June 8, 2018

From the Editor Emeritus / John F. Fink

Seventy years of continuous work for the Catholic press

John F. FinkThis week, I’m celebrating 70 years of continuous work for the Catholic press. I feel sure that’s a record, although no one keeps track of such things. Put in materialistic terms, I have been paid, although not much at times, for 70 uninterrupted years, first by the Catholic publishing company Our Sunday Visitor (OSV) for 36 years, and then by The Criterion for 34 years. OSV is located in Huntington, Ind., near Fort Wayne.

Seventy years ago, I graduated from Huntington Catholic High School, and I started working full time at OSV the following Monday. (This was when school years started after Labor Day and ended in June.) I was only 16 when I graduated and thought I was too young to start college, so I worked as a proofreader for 15 months. OSV was a large publishing company that employed four proofreaders during an era of hot-metal composition.

By the time I entered the University of Notre Dame in 1949, I was doing more than proofreading for OSV. At that time, it was receiving about 100 manuscripts a week from writers, and someone had to give them a first reading. So during my four years at Notre Dame, each week I’d receive a package of manuscripts that I would read and either reject with a nicely-worded pink slip or return to the OSV editors.

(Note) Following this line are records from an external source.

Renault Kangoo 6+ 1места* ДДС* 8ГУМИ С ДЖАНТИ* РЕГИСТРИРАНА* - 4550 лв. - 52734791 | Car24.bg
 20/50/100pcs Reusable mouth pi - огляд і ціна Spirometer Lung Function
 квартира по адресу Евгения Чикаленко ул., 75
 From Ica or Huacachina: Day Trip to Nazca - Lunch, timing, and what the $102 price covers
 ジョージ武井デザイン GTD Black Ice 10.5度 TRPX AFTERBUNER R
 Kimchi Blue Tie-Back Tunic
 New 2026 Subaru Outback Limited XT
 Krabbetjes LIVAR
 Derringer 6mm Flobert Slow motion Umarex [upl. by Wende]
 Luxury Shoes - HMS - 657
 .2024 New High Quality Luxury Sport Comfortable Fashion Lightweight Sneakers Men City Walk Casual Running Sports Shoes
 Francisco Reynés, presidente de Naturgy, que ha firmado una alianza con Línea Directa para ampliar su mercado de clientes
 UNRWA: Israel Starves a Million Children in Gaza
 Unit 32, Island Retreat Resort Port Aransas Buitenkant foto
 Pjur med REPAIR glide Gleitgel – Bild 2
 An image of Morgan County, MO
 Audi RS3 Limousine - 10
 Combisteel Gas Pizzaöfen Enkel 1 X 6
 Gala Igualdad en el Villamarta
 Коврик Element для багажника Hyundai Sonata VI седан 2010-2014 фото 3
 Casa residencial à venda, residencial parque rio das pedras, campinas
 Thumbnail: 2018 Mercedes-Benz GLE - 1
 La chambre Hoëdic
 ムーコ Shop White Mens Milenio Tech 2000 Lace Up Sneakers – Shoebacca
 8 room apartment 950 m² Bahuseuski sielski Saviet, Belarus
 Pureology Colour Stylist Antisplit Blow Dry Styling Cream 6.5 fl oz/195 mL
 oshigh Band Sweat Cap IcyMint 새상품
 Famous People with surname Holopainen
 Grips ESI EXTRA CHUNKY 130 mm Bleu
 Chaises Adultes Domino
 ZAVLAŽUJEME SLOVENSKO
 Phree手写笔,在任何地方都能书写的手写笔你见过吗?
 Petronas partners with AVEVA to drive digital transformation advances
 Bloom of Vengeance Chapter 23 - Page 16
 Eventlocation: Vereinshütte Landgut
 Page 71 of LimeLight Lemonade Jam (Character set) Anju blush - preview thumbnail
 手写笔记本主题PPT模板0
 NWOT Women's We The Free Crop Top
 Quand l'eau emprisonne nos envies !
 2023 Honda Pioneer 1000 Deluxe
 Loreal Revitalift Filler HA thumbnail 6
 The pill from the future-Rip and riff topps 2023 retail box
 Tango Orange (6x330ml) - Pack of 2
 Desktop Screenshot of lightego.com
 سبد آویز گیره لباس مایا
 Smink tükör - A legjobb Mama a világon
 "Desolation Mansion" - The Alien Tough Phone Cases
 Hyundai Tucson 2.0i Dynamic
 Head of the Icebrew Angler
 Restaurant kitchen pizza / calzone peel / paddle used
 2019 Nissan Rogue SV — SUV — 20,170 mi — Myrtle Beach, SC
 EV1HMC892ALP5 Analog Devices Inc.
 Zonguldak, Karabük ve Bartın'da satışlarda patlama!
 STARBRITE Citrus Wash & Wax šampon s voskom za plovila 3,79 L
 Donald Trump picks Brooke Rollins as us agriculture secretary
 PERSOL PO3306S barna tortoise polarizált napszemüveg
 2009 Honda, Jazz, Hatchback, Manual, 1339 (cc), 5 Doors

After graduating from Notre Dame in 1953, I returned to full-time work at OSV until I was called into the Air Force in 1954. By that time, I was writing a weekly column for youth called “Youth Organized,” encouraging young people to organize. While in the Air Force, I continued to write that column but also continued reading those manuscripts.

I resumed full-time work at OSV in 1956. After a few months, I became editor of Family Digest, one of OSV’s periodicals, while also doing editorial work for its weekly newspaper. I edited Family Digest for young families like the one my wife Marie and I started. I condensed articles about family life from other periodicals, much as Reader’s Digest did.

In 1967, I was asked to give up editorial duties to serve on the business end of the company, as marketing manager over the circulation and advertising departments. In 1972, I was named executive vice president, and in 1976 president and publisher.

By 1984, I knew it was time for me to get back into editorial work instead of the business end. So when I learned that Jesuit Father Tom Widner was stepping down as editor of The Criterion, I applied for the job. By this time, all but one of our seven children were out of high school. Archbishop Edward O’Meara hired me, and I began work in Indianapolis in July.

At that time, the normal retirement age for lay workers for the archdiocese was 65. Therefore, I retired as editor in December 1996 when I reached 65. I was pleased that I was given the title of editor emeritus and permitted to write this column and editorials.